Much like Swartz, Horner was also given the opportunity to serve those less privileged thousands of miles away from home.

“I went to Brazil and we went to the villages and tribes along the Amazon River and we gave them food, some glasses, filtered a lot of water and gave a little sermon,” Horner said.

Being so far away from home, it wasn’t long before Horner noticed just how different life is for Brazilians along the river.

“You know how everyone says that going to a third world country is really eye opening, and you believe it, but it’s really different when you’re down there,” Horner said. “I knew what I was expecting because we were doing meetings well beforehand, but I realized that I really do take things for granted.”

According to Swartz, a trip to a different country isn’t necessary in order to see how easy it is to underestimate privilege.  

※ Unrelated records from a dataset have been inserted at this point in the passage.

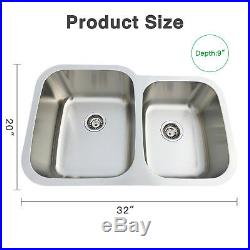 18 Gauge Topmount Undermount Stainless Steel Single Double Bowl Kitchen Bar Sink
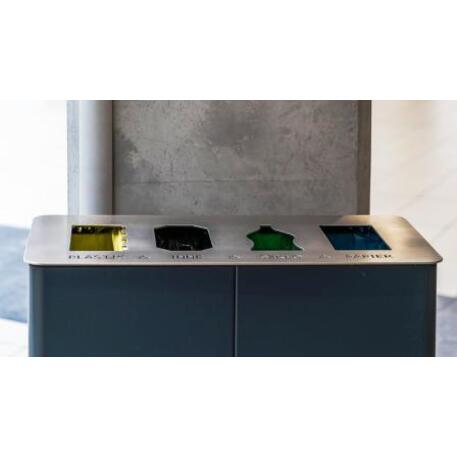 Metal litter bin for sorting 'STF/23-07-12_01/MDL'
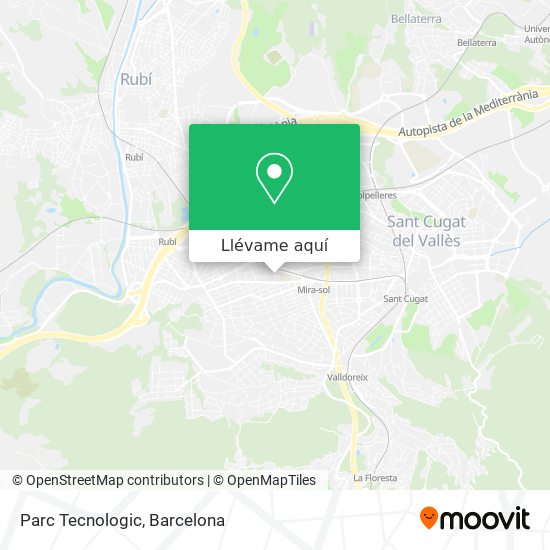 Mapa Parc Tecnologic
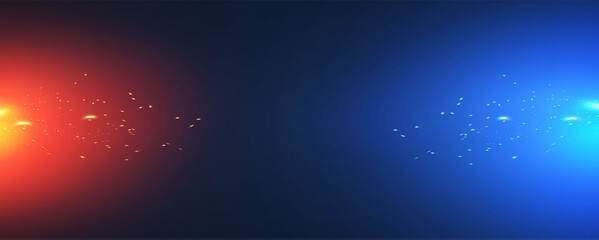 Abstract background with light effects. VS shining design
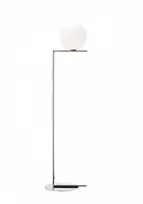 Toršeras IC LIGHTS F2, E27, chromo sp. korpusu/baltas gaubtas, dimeriuojamas, 185cm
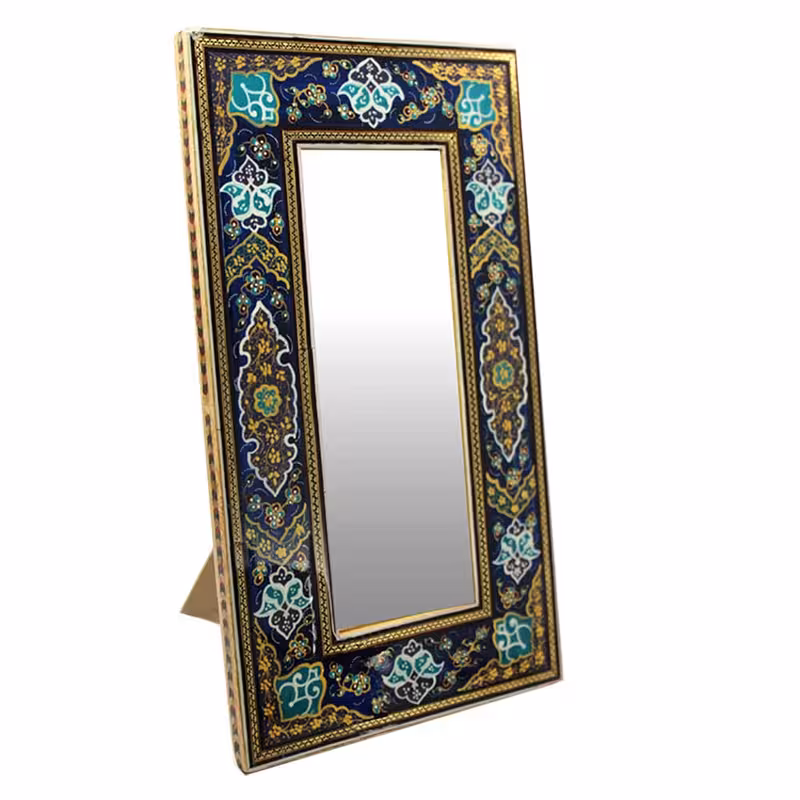 آینه خاتم کاری مدل رومیزی کد 34-sha-19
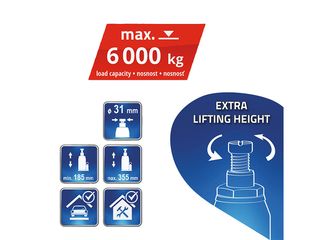 Obrázek 5 produktu Hever hydraulický 6 t TÜV, GS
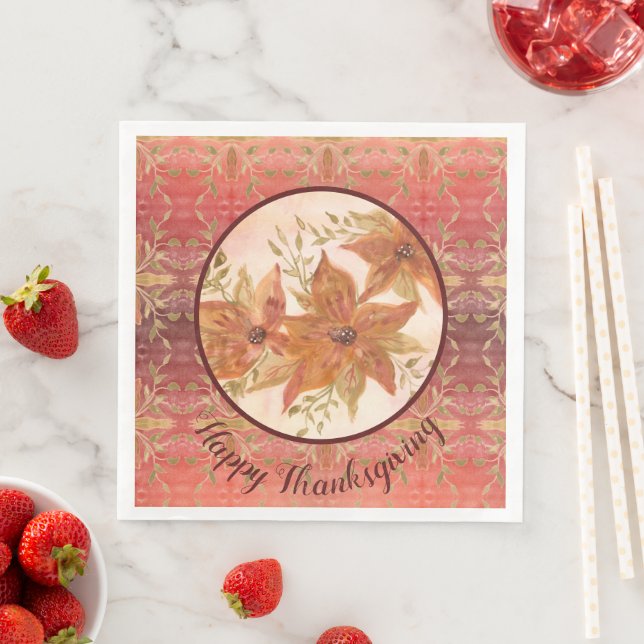 Brun och Orange höst Pappersservett (Insitu)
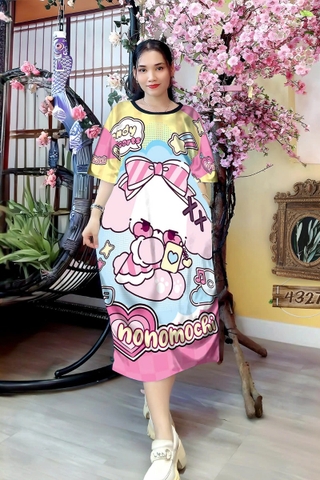 Đầm Suông Nữ Big Size 2XL - 65D4327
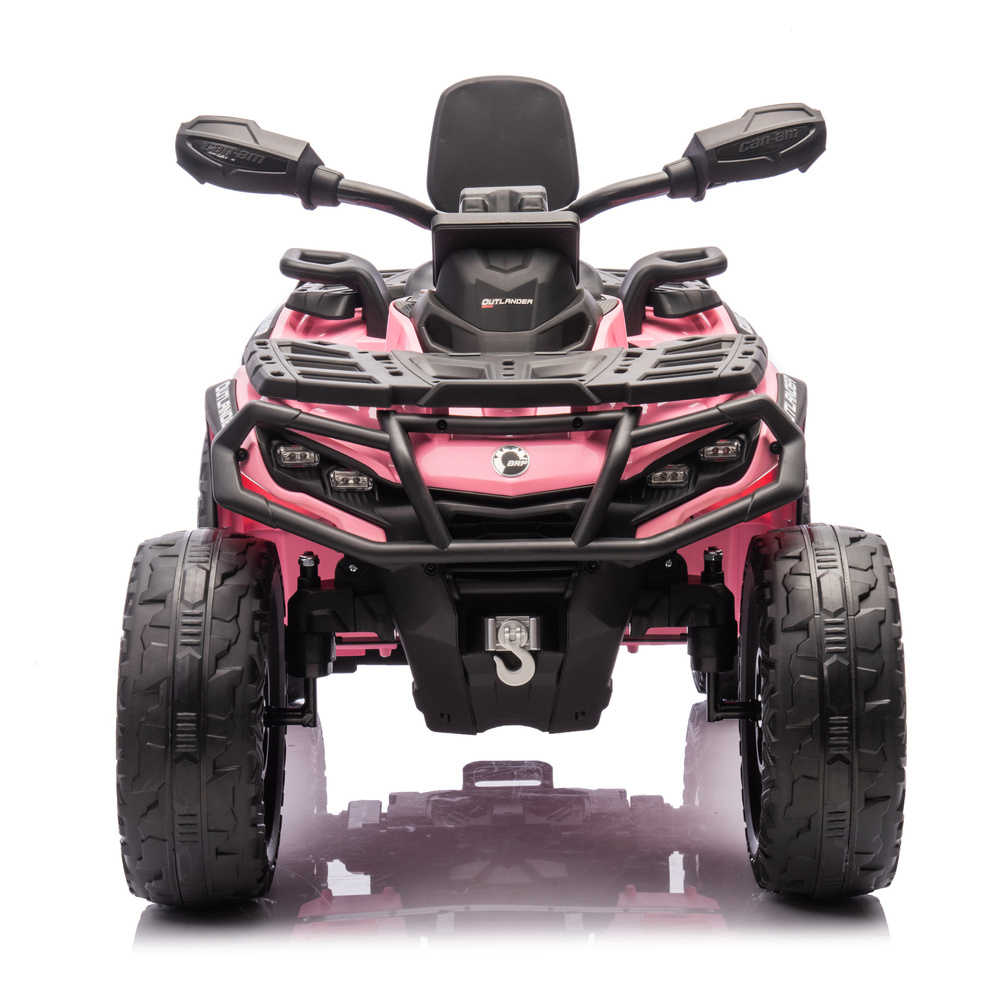 ATV electric pentru 2 copii Can Am Outlender 800W 24V Bombardier, culoare roz [3]
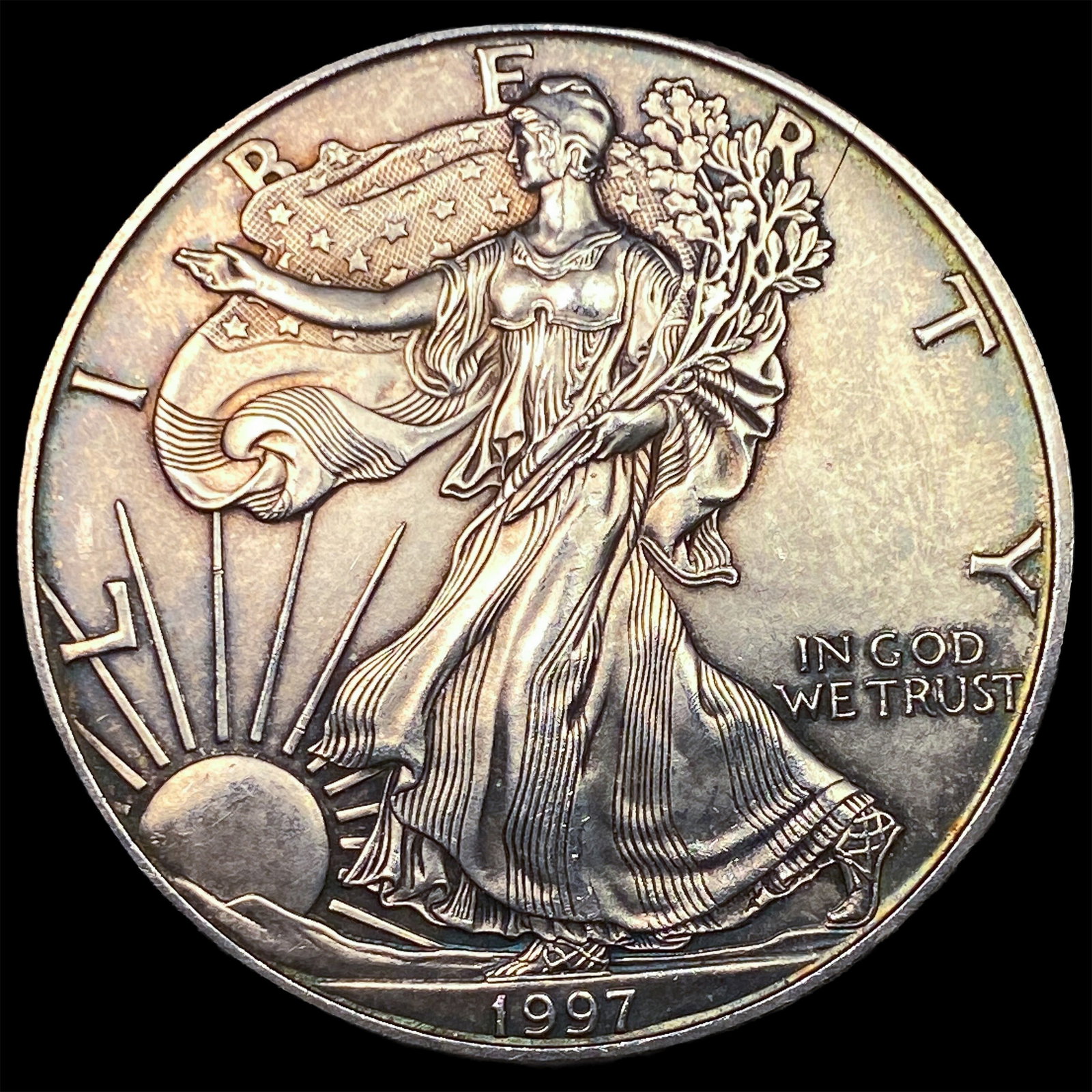 1997 1 oz Silver American Eagle $1 UNCIRCULATED: 1997 1 oz Silver American Eagle $1 UNCIRCULATED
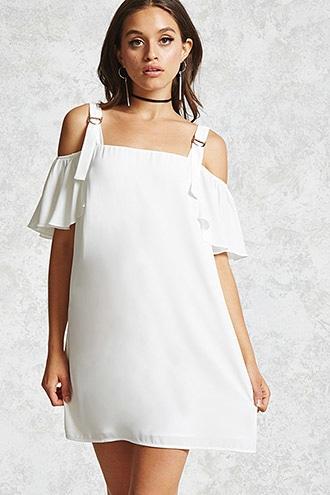 Forever21 D-ring Open-shoulder Dress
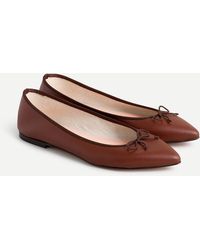 gemma ballet flats in leather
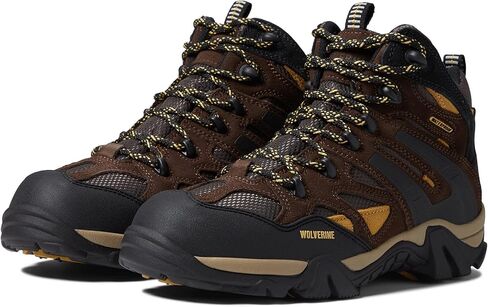 Wolverine Men's Wilderness Waterproof Hiking Boot, Chocolate Brown, 10 X-Wide in Saudi Arabia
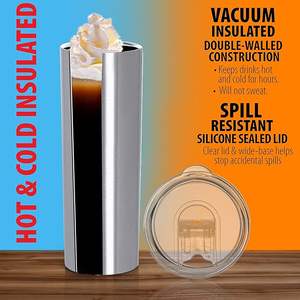 Vaso Térmico Delgado de 20 oz para Sublimación, Vasos Rectos para Transferencia de Calor, Taza de Café de Acero Inoxidable con Funda Retráctil - Product Image 5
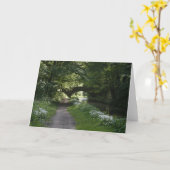 折り畳みグリーティングカード カード (黄色い花)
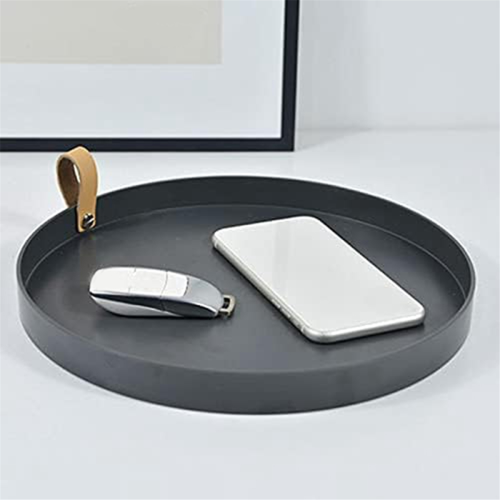 Jewelry Round Tray Practical Wide Usage Storage Trays Decorative Weight 2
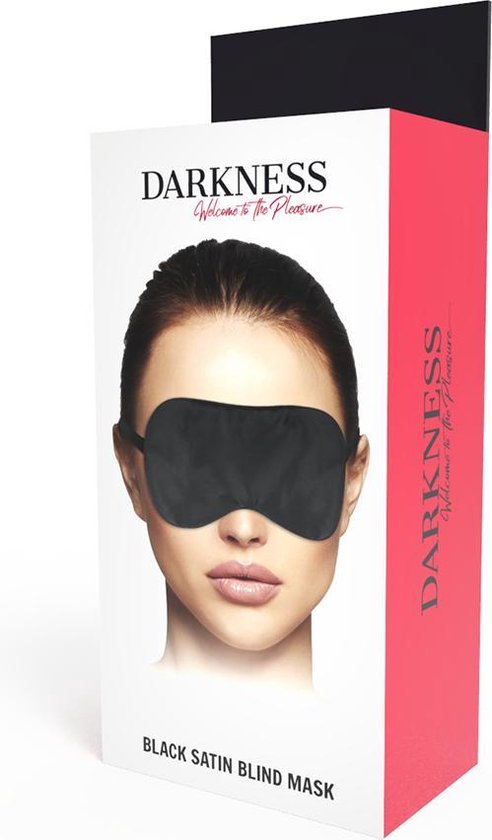 Darkness Black Satin Blind Mask box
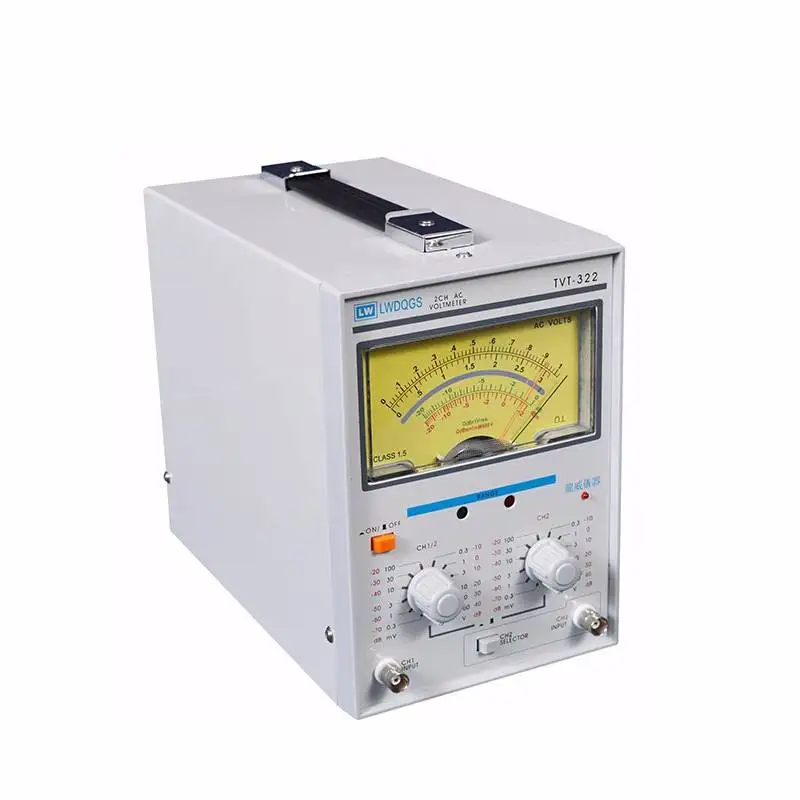 TVT-322 двухканальный milivoltmeter двойной иглой милливольтметр новый дизайн высокое качество лазерный указатель напряжения измерительные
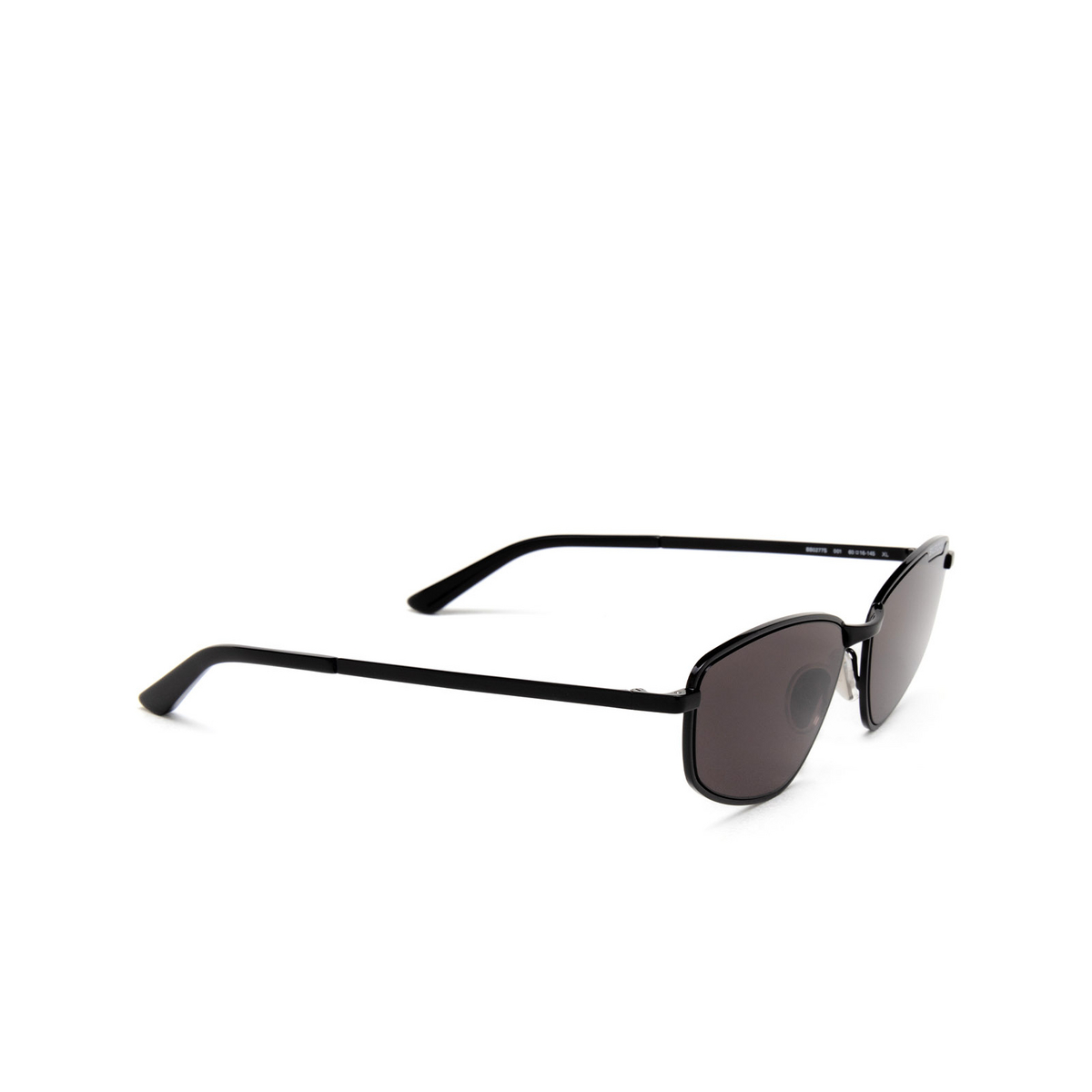Balenciaga BB0277S Sunglasses 001 Black - three-quarters view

“I think helping with people who aren’t from your demographic is important because I think it builds perspective,” Swartz said. “Johnson County is a lot of times referred to as a bubble and I think as high schoolers we don’t get to experience what a lot of the world looks like.”

Though Swartz says students aren’t always able to get perspective of the world, reaching out for service opportunities is rewarding in various areas of life.

“I was working with this little boy and we were just talking and coloring and he asked me why people had to grow up and why people couldn’t just stay young forever. It’s just something I can’t forget,” Swartz said. “It just reminded me how there are a lot of negative things in the world and his comment just lifted me up.”

For Swartz and Horner alike, serving allowed them to make memories that are sure to last a lifetime. While in Brazil, Horner mentioned that one of the biggest hardships was the language barrier between her group and the tribes that they were helping. Though this might scare most people into avoiding interaction, Horner met someone who’s bravery will always remain in her memory.

“There was one girl in the village that spoke no english, but she was trying. She was sitting next to me and she was trying so hard to communicate,” Horner said. “ I can’t forget her because she was so persistent in trying to figure out what i was saying.”

In addition to these memories, Swartz believes that serving will allow her to have a powerful impact on the world.

“I’ve become more aware that the world doesn’t revolve around me,” Swartz said. “Now I have such a strong passion for other people around me, even in my future, I’m more concerned with how I impact the community.”

While both Swartz and Horner serve mostly through their church, there are opportunities  for non-believers and non-church goers as well.

“I know religious people do serve a lot, but I don’t think that’s where serving stems from,” Swartz said. “Whether it stems from beliefs, morals, or whatever, I just think it’s really important to unite to better the society around you.”

Whether it’s serving in a soup kitchen, shelter or school, Horner believes that it’s important to follow a personalized path.

“The phrase they (the church) use a lot is ‘don’t miss your moment,’” Horner said. “If you feel that you need to do something, you should try and do it.”

With many service opportunities within our city, like Antioch Crossings and volunteering at Children’s Mercy, there’s plenty of places to help out.

“A message to our school,” Swartz said, “if you’re hesitant or anxious about serving, just give it a try and just see how it changes you and the community surrounding you.”